A leader in the moderate resistance to fundamentalist influence in the closing decades of the 20th century says he sees troubling similarities between today’s political climate and the era now commonly referred to as the Conservative Resurgence in the Southern Baptist Convention.
David Currie, who led the moderate political and educational group Texas Baptists Committed more than 20 years before stepping aside in 2009, said in a weekend radio interview that the conservative strategy was based on “untruth” — such as one leader’s repeated charge “that some of our Southern Baptist seminaries did not have a single professor that believed the Bible was the word of God” — to inflame grassroots Baptists to rebel against the status quo.
“The strategy was untruth. The strategy was attack and it was to mislead people,” Currie told former Interfaith Alliance head Welton Gaddy Dec. 10 on the “State of Belief” weekly radio program.
Currie said the conservative strategy took advantage of a form of denominational governance that entitled small and marginally involved churches to the same maximum number of voting messengers as congregations that were much larger and more deeply invested.
“It allowed the uneducated people to fall for this kind of strategy, show up at the convention and follow the leadership that was there,” Currie said. “I hate to say it, but you see it repeating itself in national politics right now — truth, followed by people who don’t know any better, calling for change that isn’t even needed.”
Currie said his first exposure to the “fundamentalist takeover” came when he worked for the Christian Life Commission — the SBC’s moral concerns agency now known as the Ethics and Religious Liberty Commission — with the 1979 election of Memphis mega-church pastor Adrian Rogers as convention president.
“We began to see it right then, and a few of us quickly recognized this was not just a pendulum swing, this was something extremely serious,” Currie said.
Currie said fundamentalism — whether Christian, Islamic or whatever — “is always my way or the highway.”
“It’s always, ‘If you don’t agree with me, you don’t believe the Bible; you don’t believe the truth.’ It’s a completely closed system for freedom of thought and for freedom of expression that is different in any form of fashion,” he said.
“Once this started permeating the Southern Baptist Convention it was clear to see where it was headed,” Currie said. “If they could get control of our seminaries that control what is taught, there would be no more education as you and I would define it. It would become indoctrination, and they were successful in doing it.”
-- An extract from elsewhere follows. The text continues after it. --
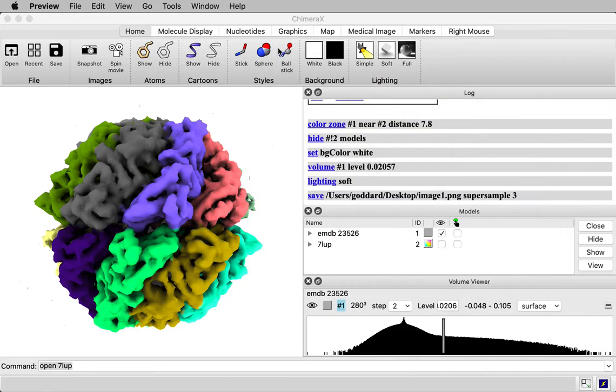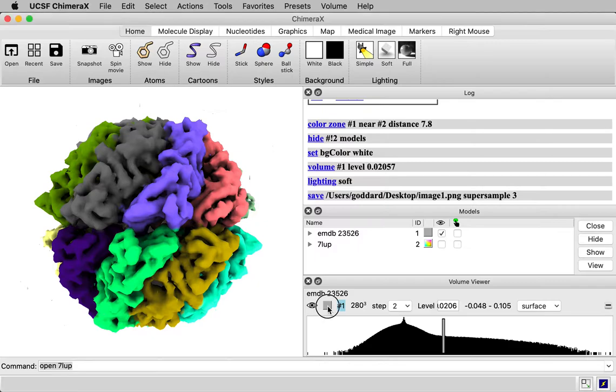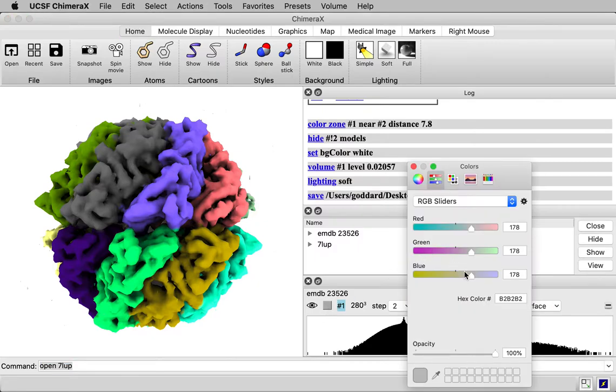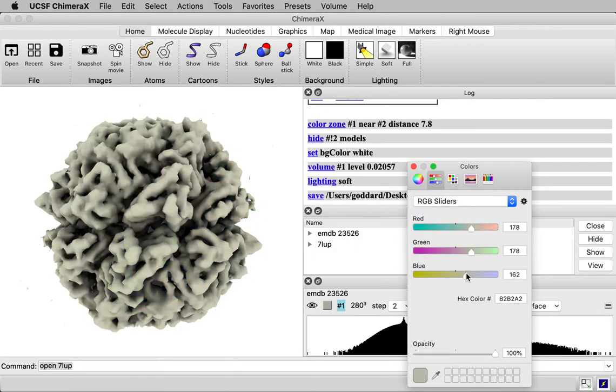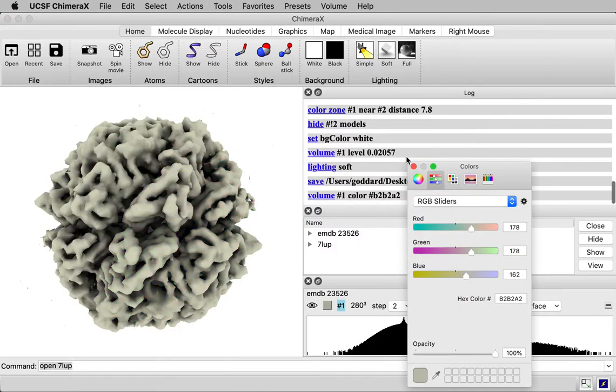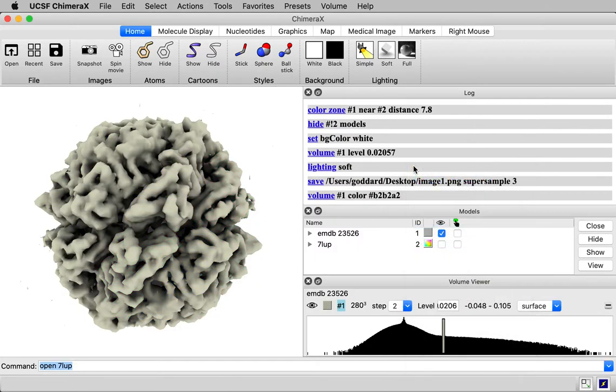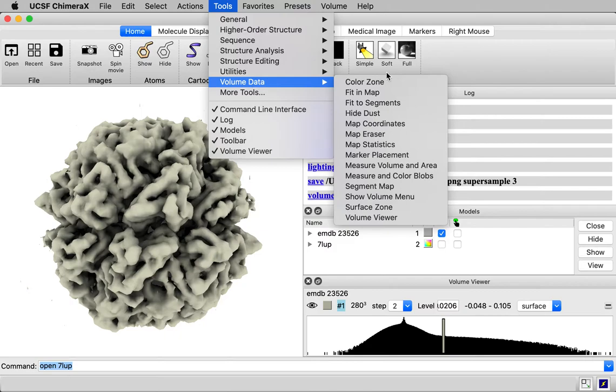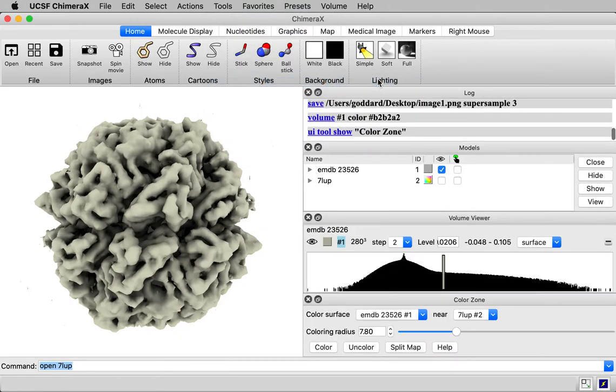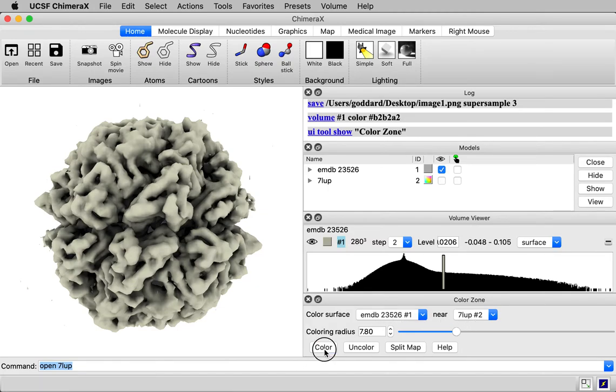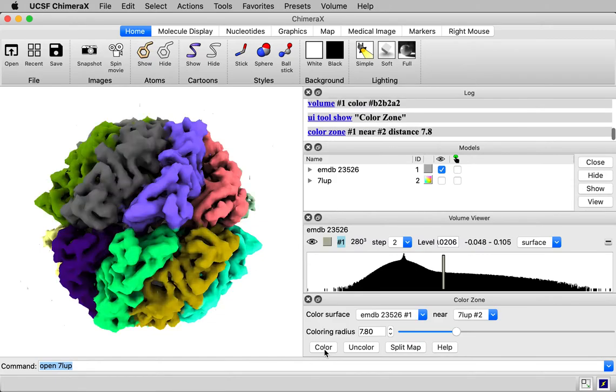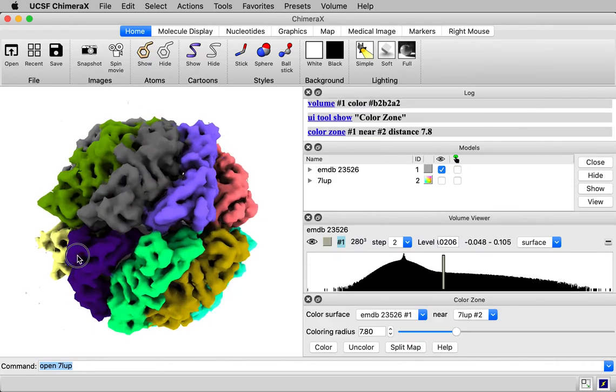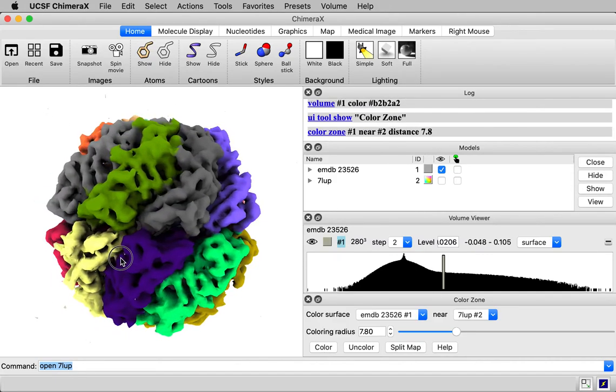Let me show you two other ways to do this coloring. So first let me change it back to a single color. And I'll show you how to do it with a graphical user interface panel. It's under tools, volume data, color zone. So the panel down here, it says color surface of this map, this EMDB map near 7 LUP. If I hit the color button, we get the same coloring we just had.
Currie said the moderate response was slow to organize. “I didn’t really get involved until 1988, and folks were late to recognize it. Of course now the Southern Baptist seminaries are places that traditional Baptists should not attend.”
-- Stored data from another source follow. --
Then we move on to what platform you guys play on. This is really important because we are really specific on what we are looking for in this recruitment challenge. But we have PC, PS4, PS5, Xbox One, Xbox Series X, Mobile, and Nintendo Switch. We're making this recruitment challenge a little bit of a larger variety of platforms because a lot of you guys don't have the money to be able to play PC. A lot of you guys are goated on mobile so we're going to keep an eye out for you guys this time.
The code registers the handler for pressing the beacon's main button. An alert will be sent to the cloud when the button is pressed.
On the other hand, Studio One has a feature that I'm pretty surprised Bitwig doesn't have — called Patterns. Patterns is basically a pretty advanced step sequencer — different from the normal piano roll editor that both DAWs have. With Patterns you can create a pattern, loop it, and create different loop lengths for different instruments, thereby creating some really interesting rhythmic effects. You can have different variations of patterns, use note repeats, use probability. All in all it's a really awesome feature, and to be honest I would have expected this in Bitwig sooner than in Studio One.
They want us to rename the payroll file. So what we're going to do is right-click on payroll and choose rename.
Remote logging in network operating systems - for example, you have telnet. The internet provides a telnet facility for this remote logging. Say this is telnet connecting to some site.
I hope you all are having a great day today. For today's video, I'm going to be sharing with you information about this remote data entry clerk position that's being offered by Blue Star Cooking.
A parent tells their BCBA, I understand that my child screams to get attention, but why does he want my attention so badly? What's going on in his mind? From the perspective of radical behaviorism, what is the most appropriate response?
Currie said he learned early on that fundamentalism is “a totally different way of looking at the world,” one that “just doesn’t allow any diversity, any freedom of thought.”
“Especially here in Texas, we realized that when you’re dealing with fundamentalism, there isn’t a middle ground,” he said. “Our nature — the way you and I think and operate — is let’s sit down and reason together.”
“I realized that with the fundamentalist movement if you had a body of water 100 feet long and you built a bridge 99 feet, they wouldn’t let you build that last foot,” Currie said. “There was never room for compromise. You had to defeat them in what they were doing.”
“Now, you had to do it with more character and integrity, so what I ended up doing in Texas is leading the effort to strategically deal with getting the messengers to the convention to defeat fundamentalists,” Currie related. “I had a public organization that people could join called Texas Baptists Committed. I found individuals even in fundamentalist churches and in somewhat conservative churches that really believed in the First Amendment and really believed in allowing the professors in our colleges to teach and encourage people to think.”
“So we actually had to have a political campaign to get people to the convention and defeat them, and we successfully did that in Texas,” Currie said. “So that’s why I’m somewhat disappointed now in some things happening here, but that’s a different story.”
Currie said he tried to spread the Baptists Committed message into the Southeast, but the moderate leadership in those states “kept thinking they could fight this quietly and behind the scenes, which you really can’t do.” Currie said that strategy succeeded only in Virginia and to a degree in North Carolina.
“The organized effort to resist this kind evil, as I call it, never really materialized in other states to the level that it did in Texas,” Currie said. “Part of it is they needed to have someone full time doing it, like we had here, that was committed to it.”
Currie said he carried his philosophy “that any lie had to be answered” to confront attacks on the Cooperative Baptist Fellowship in the early 1990s. “They would attack the Cooperative Baptist Fellowship, and even though Baptists Committed was something different, I answered every lie, publicly and in writing and in speaking and other ways,” Currie said. “I think you have to do that. You just simply can’t leave lies unanswered, or people will believe them.”